I like the idea of families worshiping together. Really I do. But it seems to me that "sit down and shut up" by any other name is still "sit down and shut up". And I agree that worship is a privilege. But if the parents aren't enjoying it (and we can't assume that the parents are enjoying it), should we also condemn their children to hating it? Or maybe it's a matter of finding a church who's worship style is one that you can enjoy so that the children can pick up on that? Or maybe we just need to stop making excuses and do what we can to reach people whether it's "orthodox" or not, whether famous pastors agree or not, whether it's the "way we've always done it" or not.
It is hard to teach children accurate stories of scripture and books of the Bible. Those are things that I'm still learning now! And to teach them to children, you really have to go above and beyond. As far as the hymns though, I still really don't care and I don't think that makes me any less of a Christian. Those hymns weren't around when Jesus was nor were they around when the early church started. They are cultural and if you like them great, if not leave them. That's my opinion on it. (Although the writers of those hymns, much like the famous missionary stories, have amazing testimonies and are very worth reading whether or not you want to sing the hymns). And honestly, when I was in high school, I spent the time chewing my nails, reading what I wanted to and daydreaming, so church was no different, except that it wasn't as long. I stand by the fact that if we don't reach out to them we lose them.

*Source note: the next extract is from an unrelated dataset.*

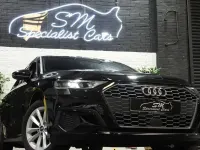 Used Audi A3 110 HP (80 kW) 2023 Sedan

And your certainly right... the church wasn't to blame for my problems. I just wonder if they couldn't have helped more than they did. (In fact, before I stopped coming to church, I was excluded from a number of youth trips/activities because I was a bad banana. No one ever talked to me about it at all, just left me out and shunned me. There must be a better way!) Maybe not... it's just as likely that I'd have been a bad banana with or without encouragement from the church. Either way, I have no interest in leaving it to chance with my kids.